Attractors are usually not mechanisms

The mathematical objects can not be. And the "attractor models" have not been established as mechanisms in mammals

Jul 08, 2025

Mathematical attractors elegantly formalize stability and convergence, but in neuroscience the term is often mistaken for a full mechanistic explanation. Demonstrating bump‑like activity in head‑direction circuits shows the phenomenon, not the cause; the required Mexican‑hat connectivity, biophysical dynamics and precise organization remain unverified. Generic recurrent networks, trained without explicit ring structure, replicate all hallmark behaviors—convergence, persistence, smoothness, lesion effects—undermining claims that attractors are necessary. True mechanistic proof demands write‑in perturbations, quantitative connectivity maps, bifurcation‑grade parameter sweeps and falsification of RNN alternatives. Until such experiments succeed, attractors are appealing hypotheses, not established mechanisms. Maintaining rigor will drive genuinely explanatory neural science.

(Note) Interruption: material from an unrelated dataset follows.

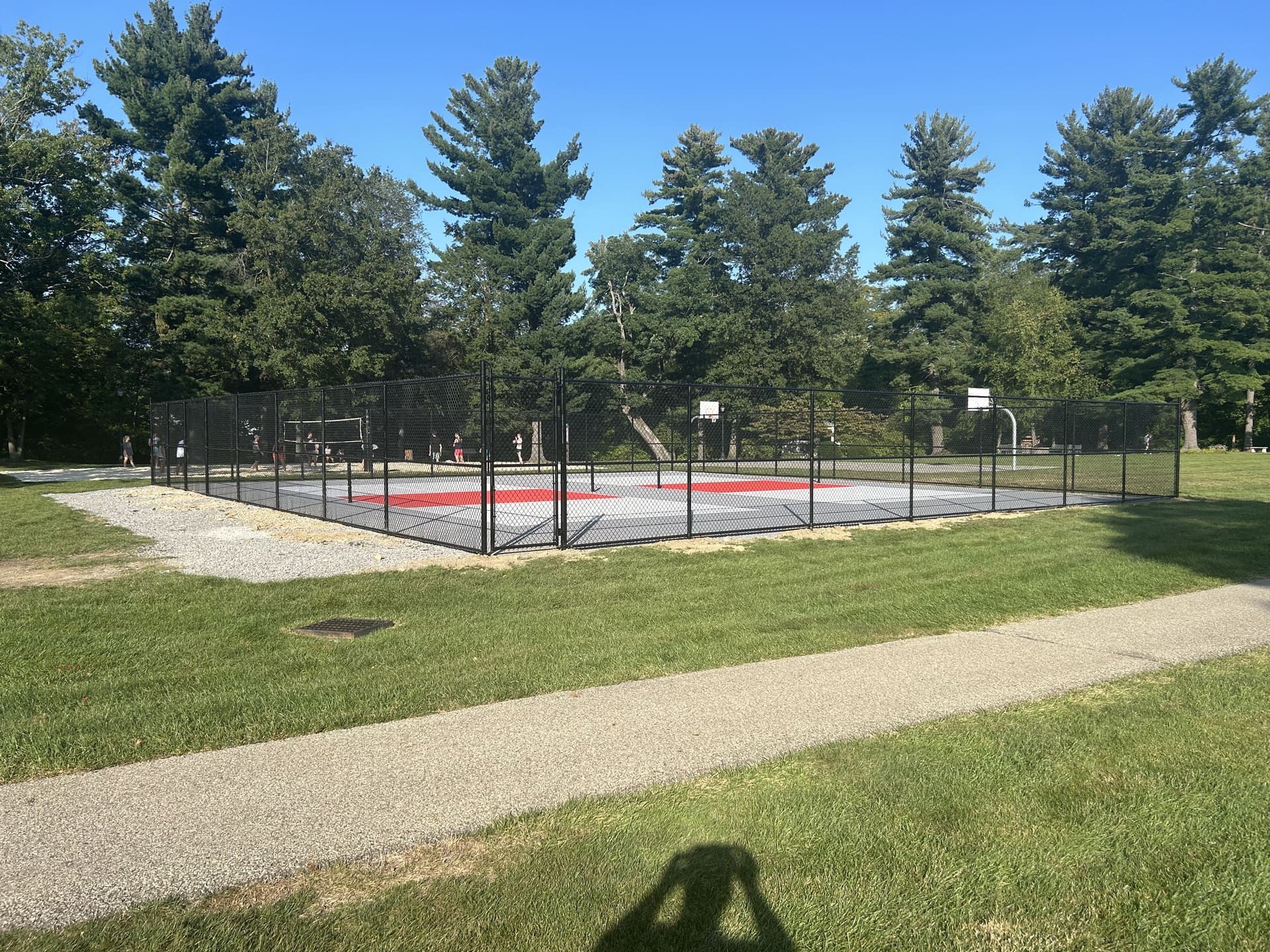 Sports playground for basketball and football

Within mathematics attractors are well defined

Attractors are beautiful. Let me define them as:

An attractor is a subset A of the system's phase space such that:

Forward invariance: Once the system's state is in A, it stays in A for all future time.
Attraction (basin of attraction): There exists an open neighborhood B(A) ("basin") of initial conditions so that every trajectory starting in B(A) asymptotically approaches A as time t→∞.
Minimality: No proper subset of A satisfies (1) and (2).

This definition is beautiful in its abstraction—it captures the essence of stability and convergence without specifying any particular mechanism. They also align with normative ways of thinking. In a way this would be great if the way we handle belief worked like this - we may converge to true belief states - which we don’t always because of uncertainty etc but lets take for granted that having attractor like things in our heads might be useful for some things.

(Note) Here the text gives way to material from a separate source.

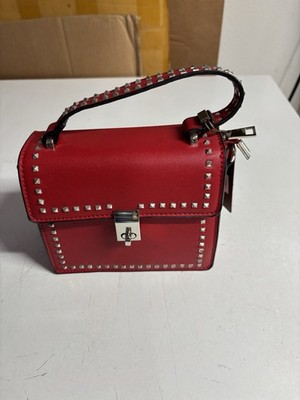 Red Treska  Small Purse With A Few Side Pockets & One Larger Compartment.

Attractors as rather a specific model type in neuroscience

**Concept of an attractor for continuous variables (source).** A truly elegant model. Is this *the* mechanism?

Now, our model’s are not merely what the math above says, they are much more narrowly defined. Lets rather go through a standard type of that model. Picture a continuous attractor network where neural activity forms a "bump" of firing that can sit anywhere along a ring of neurons:

\(\begin{align} \tau \,\frac{d h_i}{dt} &= -h_i \;+\;\sum_{j} W_{ij}\,r_j \;+\; I_i \;+\; \eta_i(t), \\[6pt] r_i &= f\bigl(h_i\bigr), \\[6pt] W_{ij} &= A\,\exp\!\biggl(-\frac{|i-j|^2}{2\sigma_E^2}\biggr) \;-\; B\,\exp\!\biggl(-\frac{|i-j|^2}{2\sigma_I^2}\biggr). \end{align} \)

Where h_i is the synaptic input to neuron i, r_i is its firing rate, W_ij encodes Mexican-hat connectivity (local excitation A with narrow width σ_E, broad inhibition B with width σ_I), I_i is external input, and η_i(t) is noise. When the parameters are tuned just right, you get a stable bump that can live anywhere on the ring - a continuous attractor.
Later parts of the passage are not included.